[PROBLEM REQUIREMENTS]
The answer should be every line below, repeated exactly, with the images left out.

[GIVEN MATERIAL]
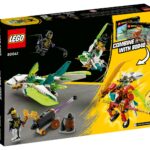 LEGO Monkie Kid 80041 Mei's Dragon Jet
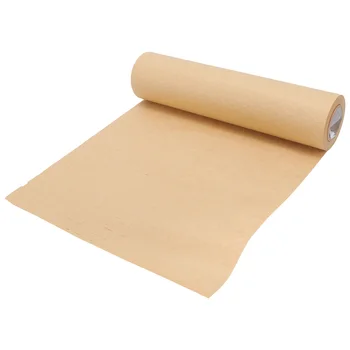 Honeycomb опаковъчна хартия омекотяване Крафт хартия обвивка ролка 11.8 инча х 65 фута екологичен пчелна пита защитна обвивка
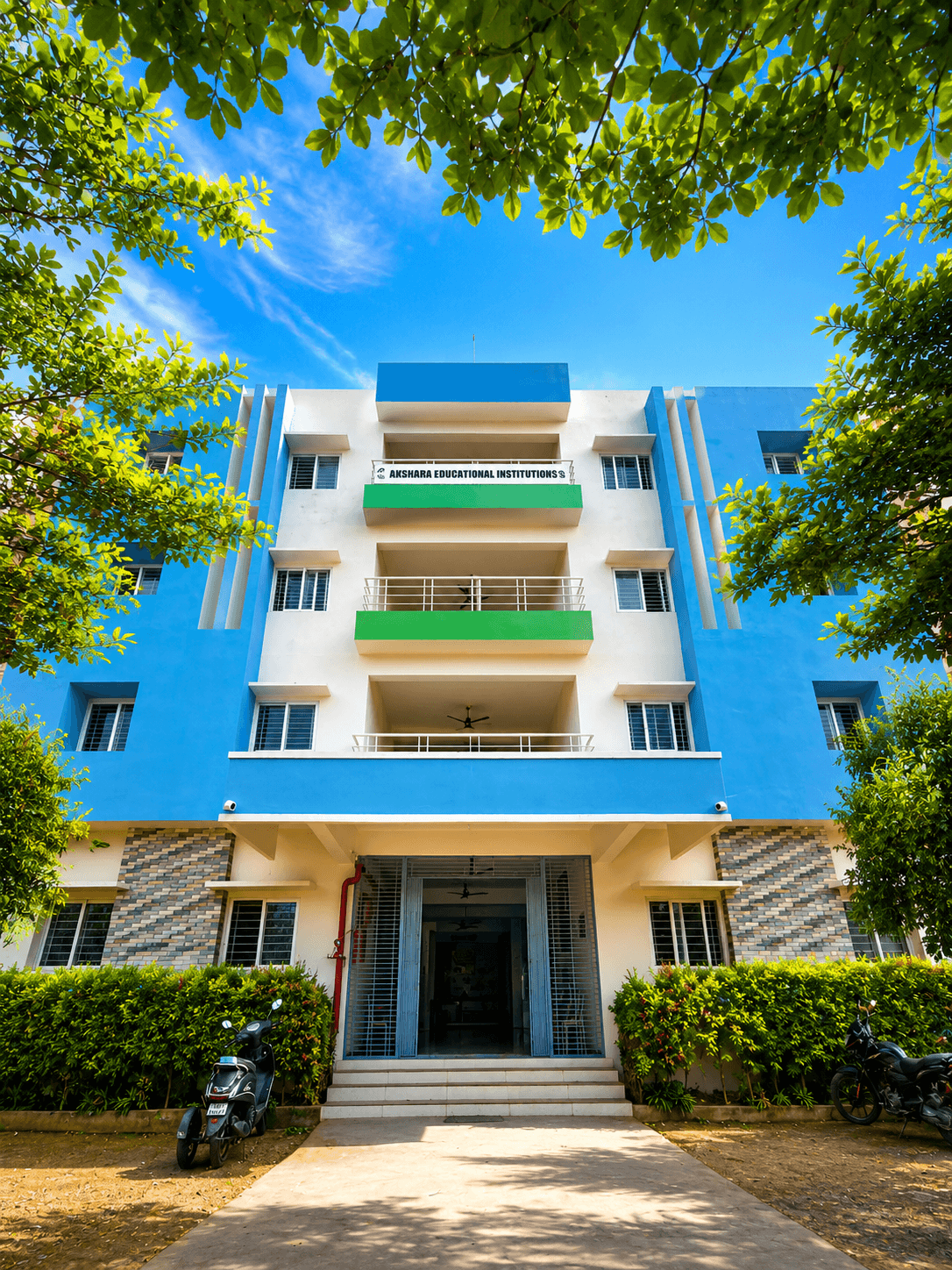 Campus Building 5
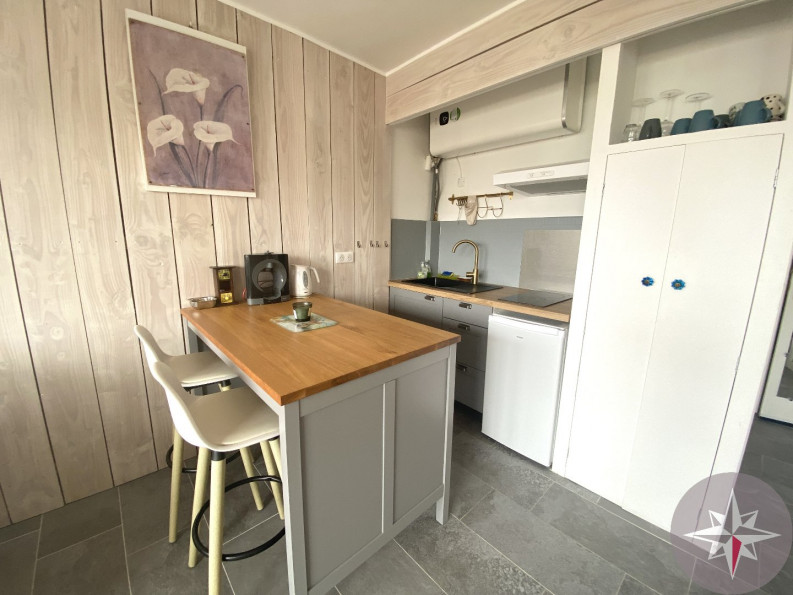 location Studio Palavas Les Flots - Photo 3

[WRITTEN REPLY]
 LEGO Monkie Kid 80041 Mei's Dragon Jet
 Honeycomb опаковъчна хартия омекотяване Крафт хартия обвивка ролка 11.8 инча х 65 фута екологичен пчелна пита защитна обвивка
 Campus Building 5
 location Studio Palavas Les Flots - Photo 3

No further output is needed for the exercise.